A key challenge for soft and hybrid hard-soft robotics is control. The use of rigid materials means it is possible to build relatively simple mathematical models of the system, which can be used to find control laws. Without rigid materials, the model balloons in complexity, leading to systems which cannot feasibly be used to derive control laws.

One possible approach is to offload some of the responsibility for producing a behaviour from the controller to the body of the system. Some examples of systems that take this approach include the Lipson-Jaeger gripper, various dynamic walkers, and the 1-DOF swimming robot Wanda. This offloading of responsibility from the controller to the body is called ‘Morphological Computation.’

There are a number of mechanisms in which the body can reduce the burden placed on a controller: it can limit the range of available behaviours, reducing the need for a complex model of the system**[1]** structure the sensory data in a way that simplifies state observation**[2]**, or it can be used as an explicit computational resource.

The idea of an arm or leg as a computer may strike people as odd. The clean lines of a Macbook look much different than our wobbly appendages. In what sense, then, is it reasonable to claim that such systems can be used as computers?

To make the concept clear, it is necessary to first introduce the concept of computational capacity. In a digital computer, transistors compute logical operations such as AND and XOR, but computation is possible via any system which can take inputs to outputs.

For example, we could use a system which classifies numbers as either positive or negative as a basic building block. More complex computations can be achieved by connecting these basic units together.

Of course, not all choices of mapping are equally useful. In some cases, computations that we wish to carry out may not be possible if we have chosen the wrong building block. The computational capacity of a system is a measure of how complex a calculation we can perform by combining our basic computational unit.

To make this more concrete, it is helpful to introduce perceptrons: the forebears of today’s deep learning systems. A perceptron takes a set number of inputs and produces either a 1 or 0 as an output. To calculate the output for a given input, we follow a simple process:

- Multiply each input x_i by its corresponding weight w_i
- Sum the weighted inputs
- Output 1 if the sum is above a threshold and output 0 otherwise.

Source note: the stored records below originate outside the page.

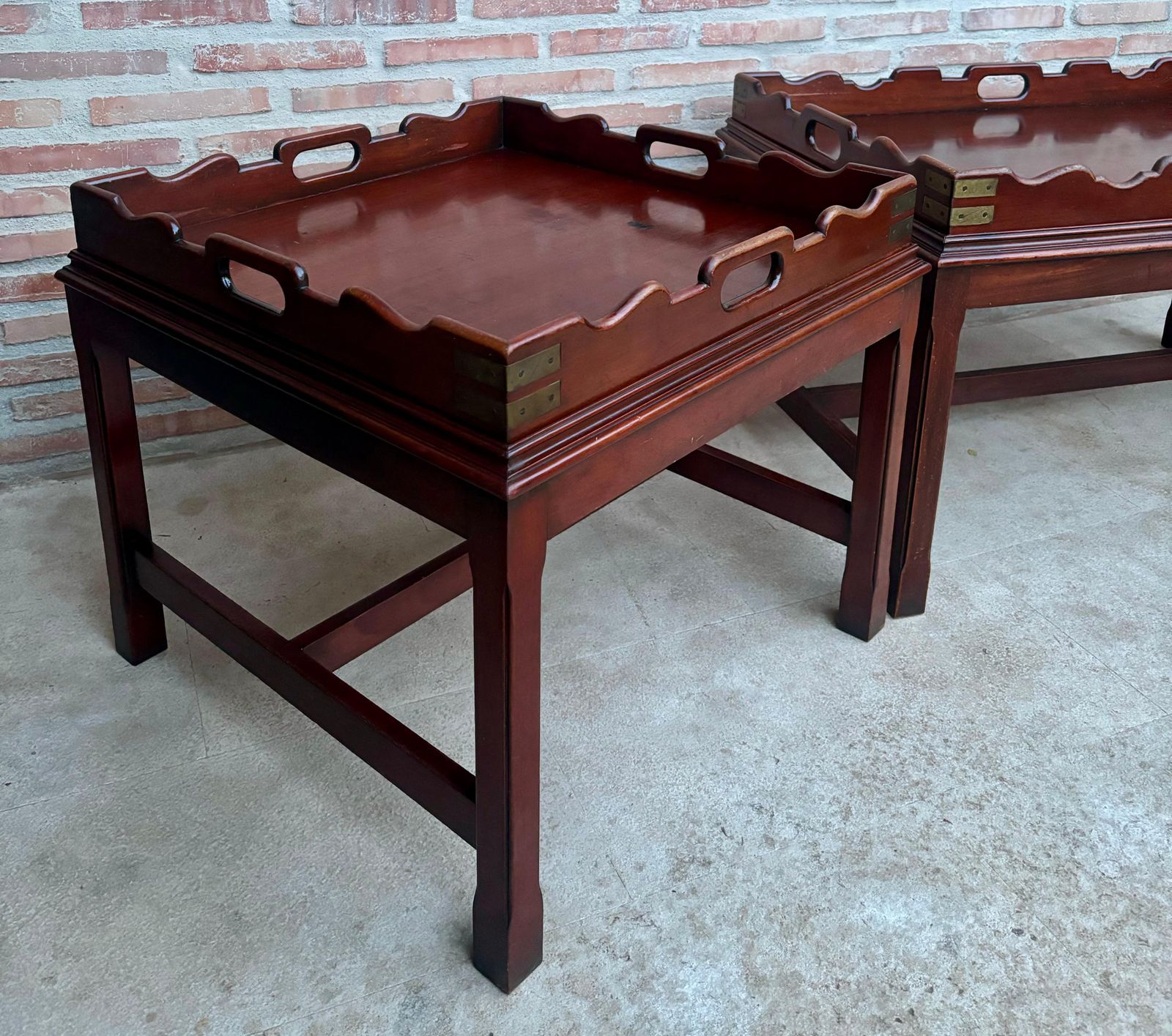 Tables basses en bois du début du XXe siècle avec petit plateau amovible, 1924, lot de 2 photo furniture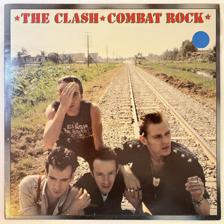 Tumnagel för auktion "THE CLASH combat rock LP -82 Hol CBS 85570"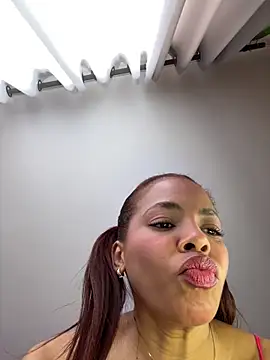 Snapshot of Ary_mar chatting on October 12, 2025, 11:42 am Ary mar online show from October 12, 2025, 11:42 am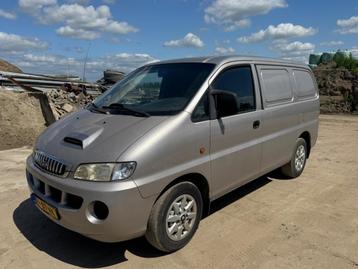 Hyundai H 200 2.5 TCI Luxe Diesel enkelcabine 128xxx NAP beschikbaar voor biedingen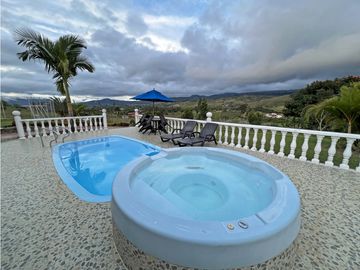 CASA CAMPESTRE EN VENTA, EL CARMEN, DAGUA, VALLE DEL CAUCA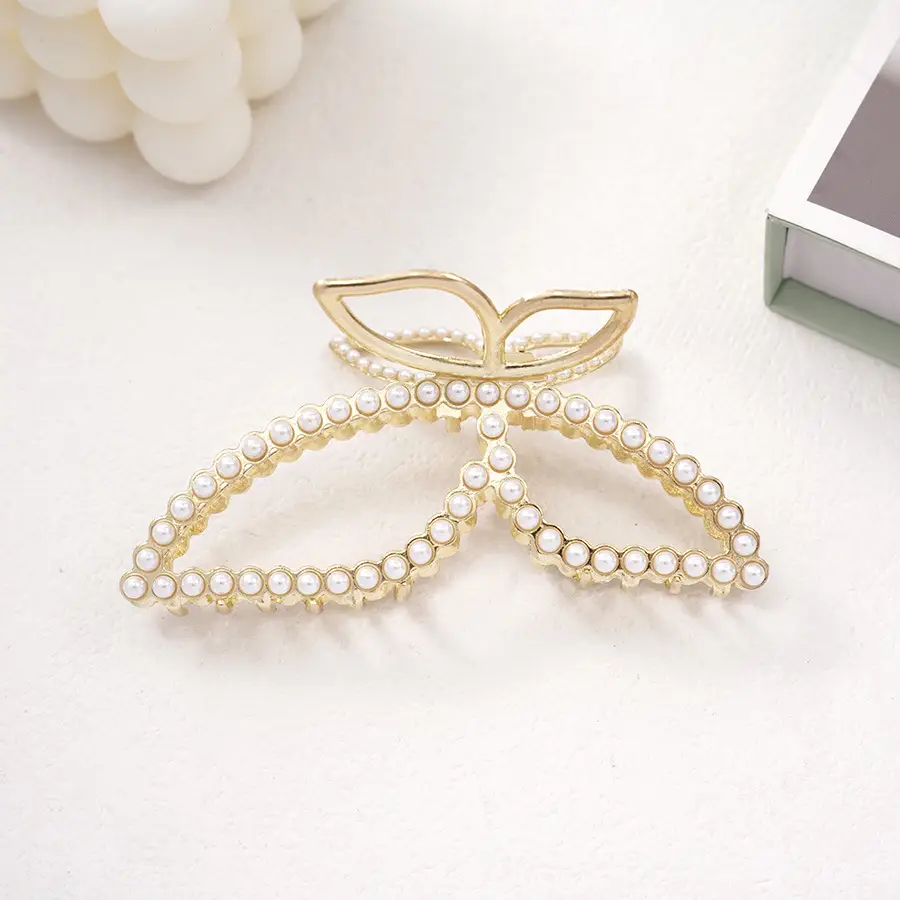 Pearl Rhinestone Butterfly Hairpin Clip Wholesale — feature 16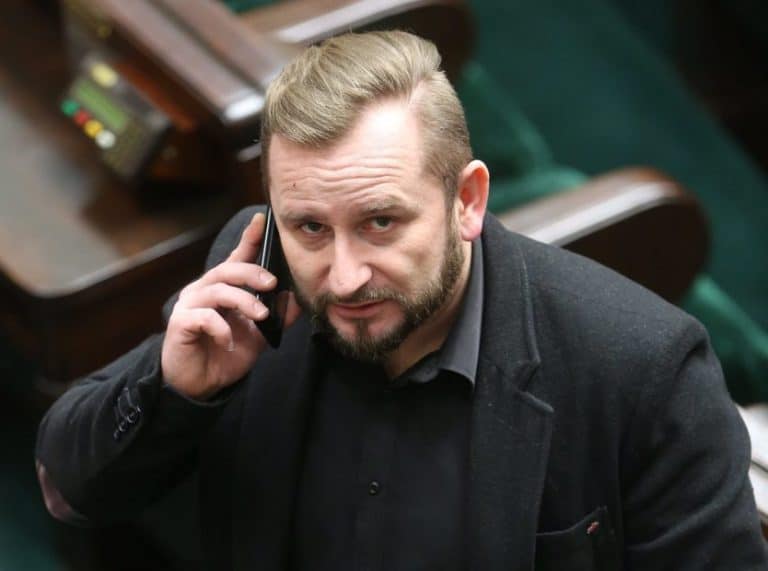 Poseł Liroy-Marzec postanowił interweniować w sprawie ucznia szykanowanego za sprzeciw wobec gloryfikacji Bandery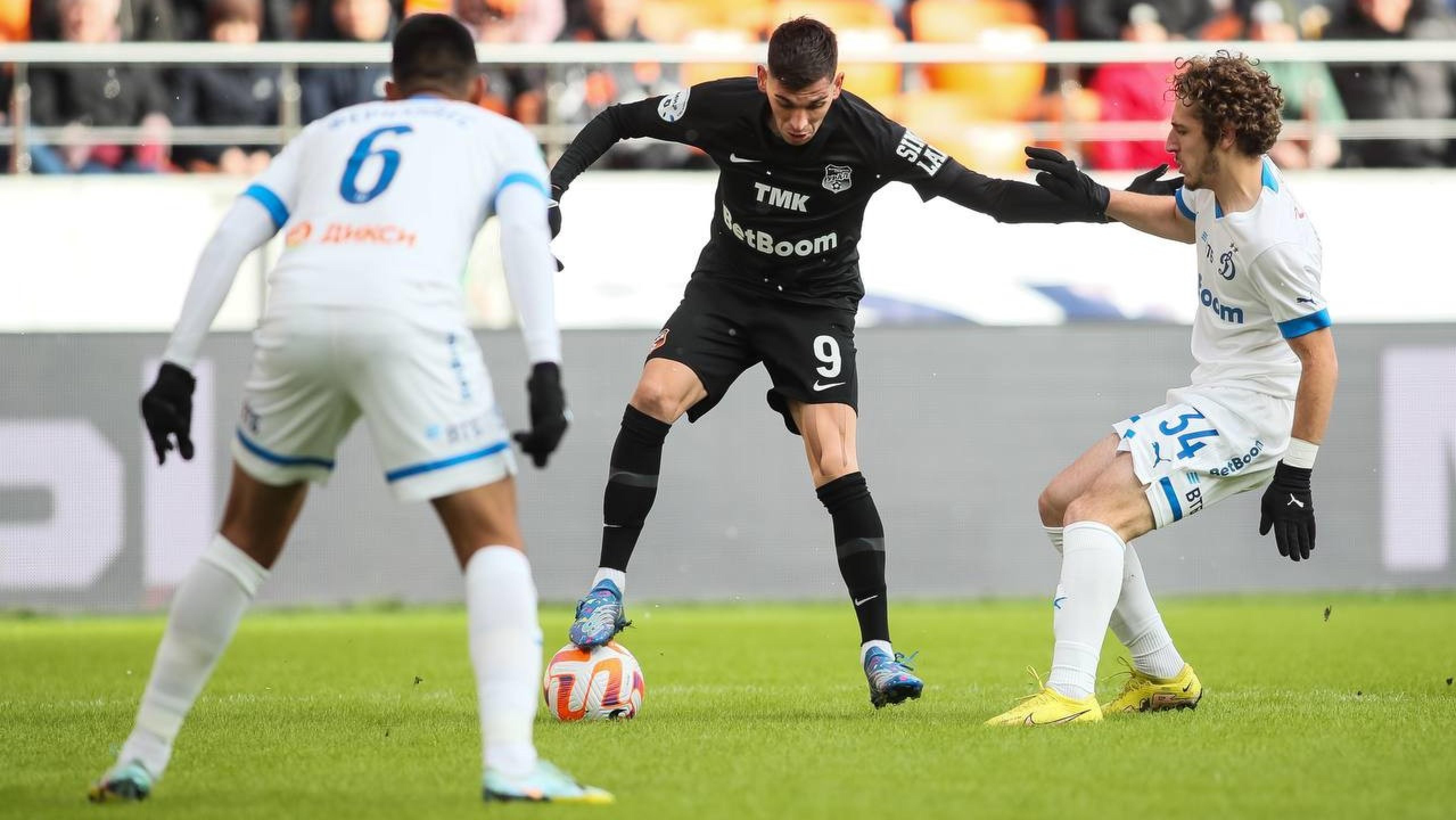 Тюкавин принес «Динамо» победу в игре с «Уралом»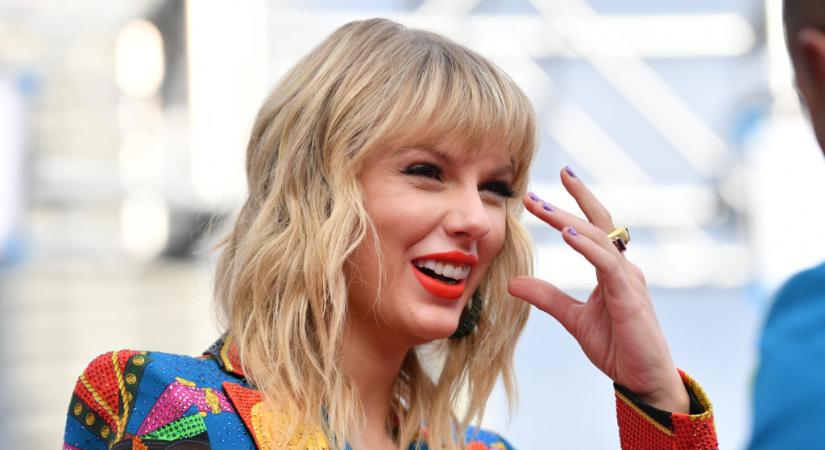 Taylor Swift kiakadt egy sorozatra, amiben a pasizási szokásain viccelődnek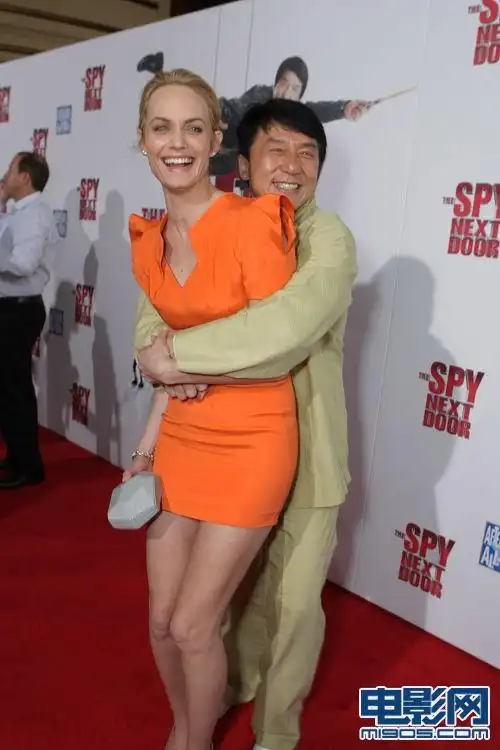 成龙邻家特工全球首映熊抱女星幸福不撒手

In order to make a perceptron perform a specific computation, we have to find the corresponding set of weights.

If we consider the perceptron as our basic building block for computation, can we ask what kinds of computation we can perform?

It has been shown that perceptrons are limited to the computation of linear functions; a perceptron cannot, for example, correctly learn to compute the XOR function.**[3]**

To overcome this limitation, it is necessary to expand the complexity of the computational system. In the case of the perceptron, we can add “hidden” layers, turning the perceptron into a neural network. Neural networks with enough hidden layers are in theory capable of computing almost any function which depends only upon its input at the current time.**[4]**

If we desire a system that can perform computations that depend on prior inputs (i.e. have memory), then we need to add recurrent connections, which connect a node to itself. Recurrent neural networks have been shown to be Turing complete, which means they could, in theory, be used as a basis for a general purpose computer. **[5]**

**FIGURE (FFNN and RNN)**

These considerations give us a set of criteria by which we can begin to assess the computational capacity of a system — we can classify the computational capacity by the amount of non-linearity and memory that a system has.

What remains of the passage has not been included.